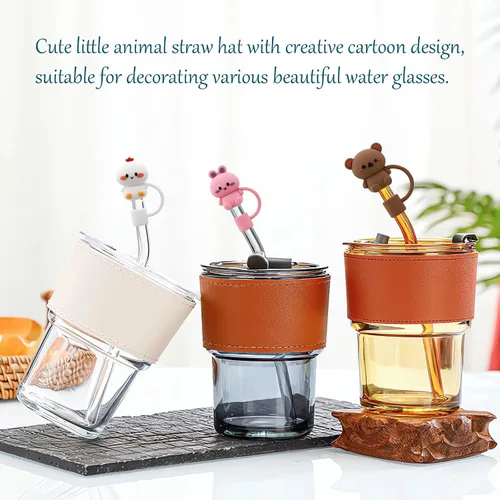 Vista 2 de LDKEDKF 11 piezas de cubiertas para pajitas de vaso Stanley, tapa de silicona para pajitas de vaso Stanley de 30 y 40 onzas con vasos, accesorios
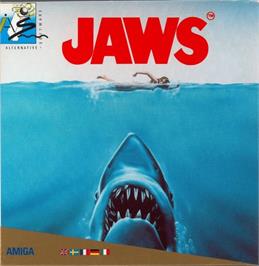 Box cover for Jaws on the Commodore Amiga.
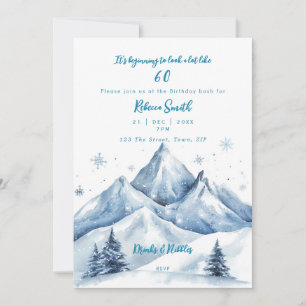 winter mountains 60th birthday invitation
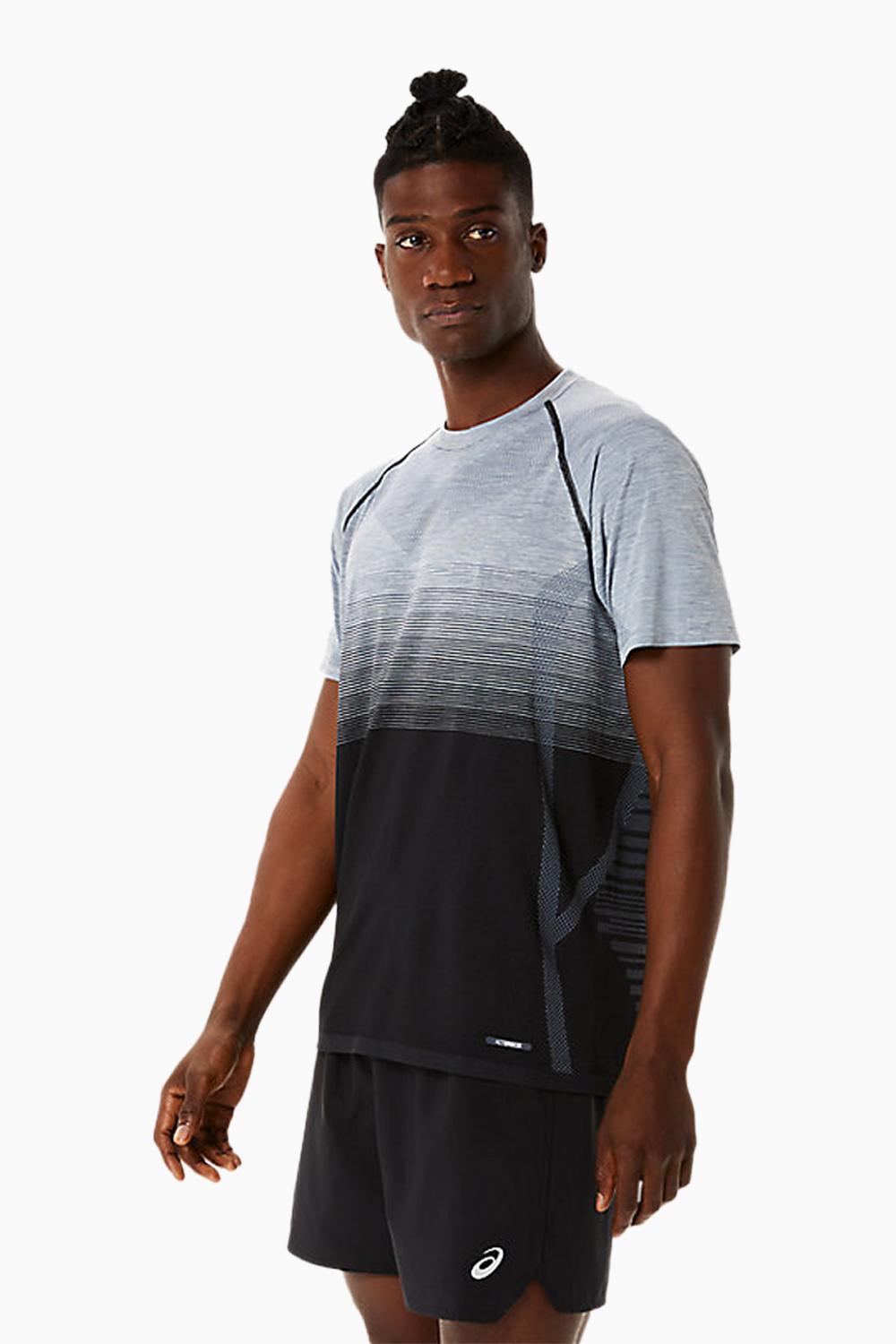 ASICS Men's Seamless SS Top in Black/Carrier Grey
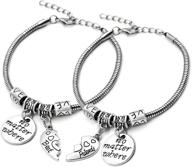 👭 xyiyi 2pcs best friend split broken heart bracelet set - no matter where double bangle bracelets - friendship gift logo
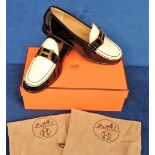 Hermes, ladies black and cream patent leather loafers size 37 with protective bags and box. Very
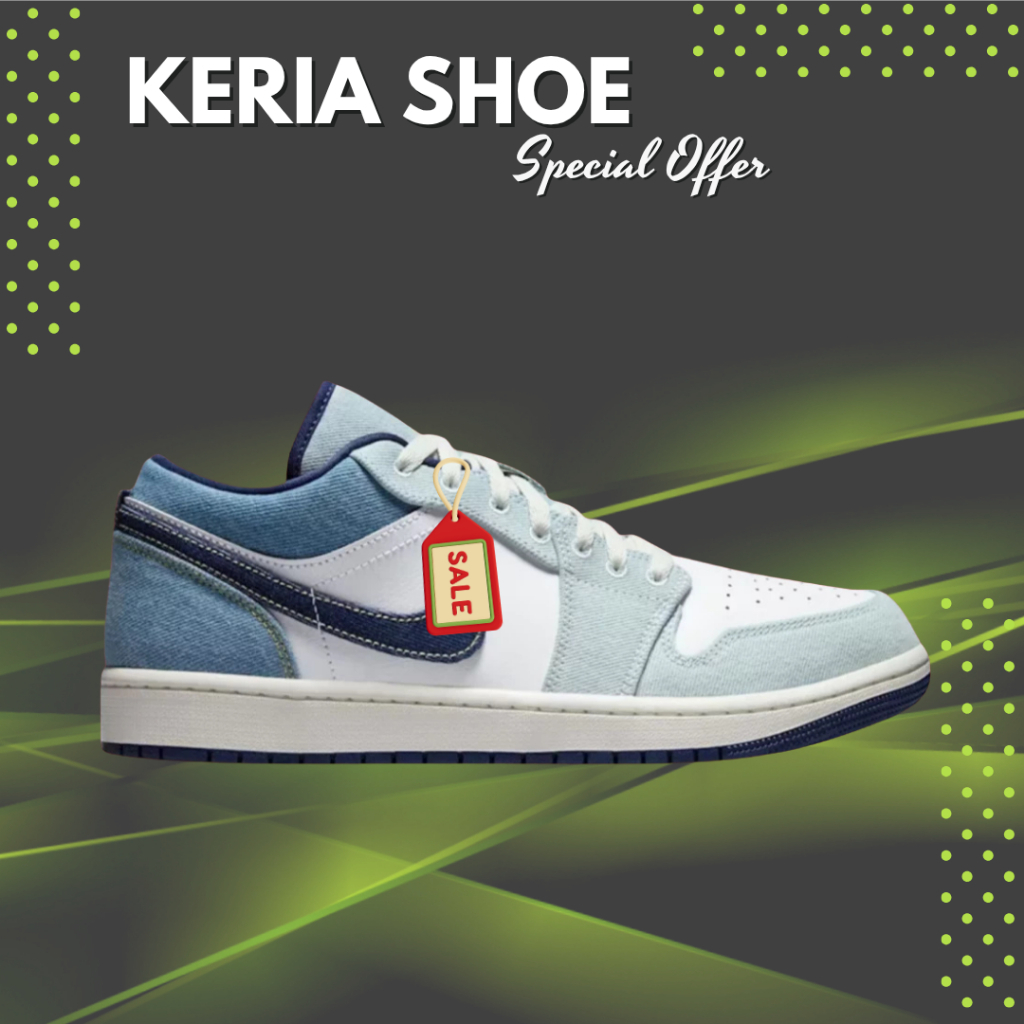 [ Chính Hàng ] Giày JD1 Low, Giày Sneaker Nam Nữ Màu Denim, Full Box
===============
### Task statement:
Only one thing is required: an exact printout of the lines from the line containing "friendship gift logo" through the last line of the records, pictures excluded.

### Your solution:
 👭 xyiyi 2pcs best friend split broken heart bracelet set - no matter where double bangle bracelets - friendship gift logo
 Hermes, ladies black and cream patent leather loafers size 37 with protective bags and box. Very
 [ Chính Hàng ] Giày JD1 Low, Giày Sneaker Nam Nữ Màu Denim, Full Box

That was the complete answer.